Kleine Gesten, große Wirkung
Es war einer dieser Tage, an denen alles schief lief. Lara hatte ihren Bus verpasst, kam aus diesem Grund zu spät in den Unterricht und wurde deshalb gleich als erste über das neue Thema, dass sie in Geschichte durchgemacht haben geprüft. Natürlich hatte sie nichts über den 30-jährigen Krieg zu sagen, außer dass er 30 Jahre dauerte. Die Geschichte Lehrerin war davon nicht gerade beeindruckt und auch in den nächsten Unterrichtsstunden bekam sie kein Lob zu hören, was sie irritierte, denn sonst war sie immer eine der besseren Schülerinnen. Sie saß nämlich in der ersten Reihe, arbeitete immer im Unterricht mit, brachte Hausübungen und schrieb gute Noten in Tests. Sie war aber keine Streberin, dachte sie zumindest selbst über sich, denn sie war auch beliebt in der Klasse, viele sahen zu ihr auf, fanden sie cool.
Aus diesem Grund wunderte es Lara besonders, warum heute alles schief lief in der Schule.
Nach sechs qualvollen Schulstunden durfte sie endlich nach Hause gehen. Ihren Bus verpasste sie dieses Mal nicht.

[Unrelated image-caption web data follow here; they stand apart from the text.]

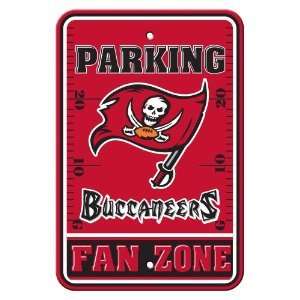 Tampa Bay Buccaneers Reserved Parking Street Sign NFL  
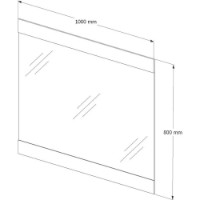 Oglindă baie Supraten 1511291 imaginea #2 — magazin online Desire.md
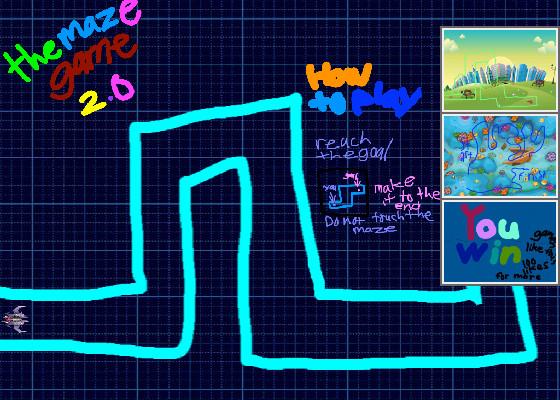 The maze game 2.0 1 1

Als Lara sich im Bus auf einen freien Sitzplatz fallen ließ, war sie erschöpft. Sie verstand die Welt nicht mehr, warum waren auf einmal alle gegen sie? Sogar das schlechte Regenwetter passte sich ihrer Stimmung an. Der Bus ruckelte durch die Straßen und Lara dachte über die vergangenen Stunden nach. Über die nicht sehr erfreuten Lehrer, die verstohlenen Blicke ihrer Mitschüler und über ihre besten Freunde, die sie heute auch gemieden hatten.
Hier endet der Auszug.